The pertuzumab clinical dosing regimen of a 840 mg fixed loading dose followed by 420 mg every three weeks was selected based on PK and safety data from studies where pertuzumab was administered as a single agent to patients with advanced refractory solid tumors, including ovarian cancer, metastatic breast cancer (low HER2 expressing), and hormone-refractory prostate cancer. Results from these clinical studies, from population pharmacokinetic analyses [21], and from dose–response studies in non-clinical xenograft models were used to determine the dose of pertuzumab used in late-stage clinical studies.

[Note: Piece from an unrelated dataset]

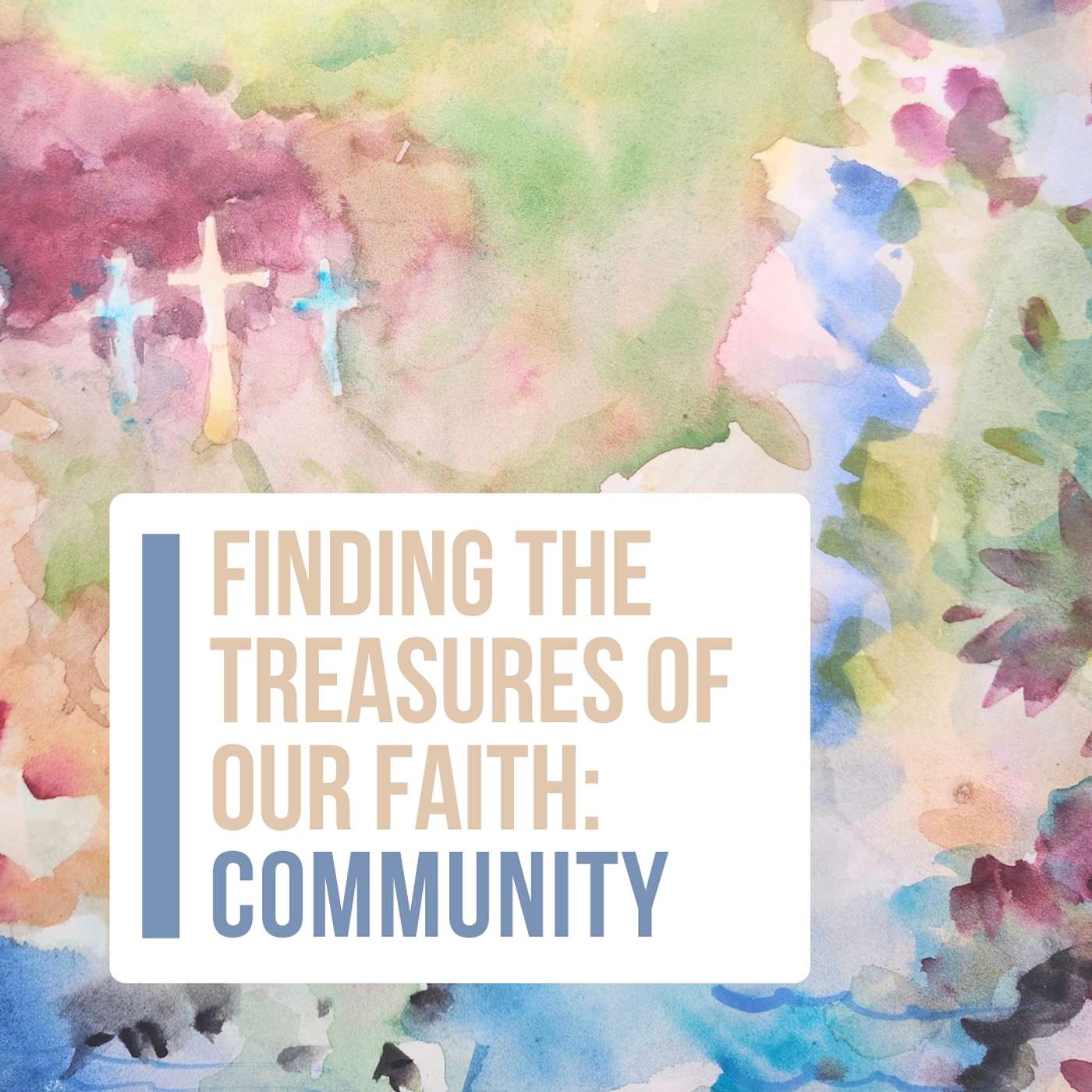 Treasures of Our Faith (Community): Sunday, March 30, 2025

In single ascending dose studies utilizing pertuzumab doses of 0.5–25 mg/kg [22, 23] and also in Phase II studies where patients were treated with either 420 mg q3w (following a loading dose of 840 mg) or 1050 mg q3w (with no initial loading dose) as a single agent or in combination with other chemotherapeutic agents, the maximum tolerated dose (MTD) was not reached and no clear dose–safety or dose–efficacy relationship was observed. In oncology, especially for chemotherapeutic agents, the MTD is often carried forward into Phase III studies. However, given that pertuzumab is a targeted monoclonal antibody and the MTD was not reached, the dose for Phase III studies was selected based on achievement of the clinical target pertuzumab concentrations (steady-state C _trough concentration of ≥20 µg/mL in 90% of patients) that resulted in maximal suppression of tumor growth in non-clinical xenograft dose–response studies [24]. In the NeoSphere study, the majority of patients (>90%) achieved the target serum concentrations. Consistent with the non-clinical xenograft studies, the ER analysis suggested that there was no association between pCR rate and pertuzumab concentrations within the observed concentration range of approximately 20–100 μg/mL, supporting no dose adjustments needed for patient with lower exposure. This analysis further supports the appropriateness of the fixed, non-weight-based pertuzumab dose of 840 mg followed by 420 mg q3w in the neoadjuvant treatment of early breast cancer patients.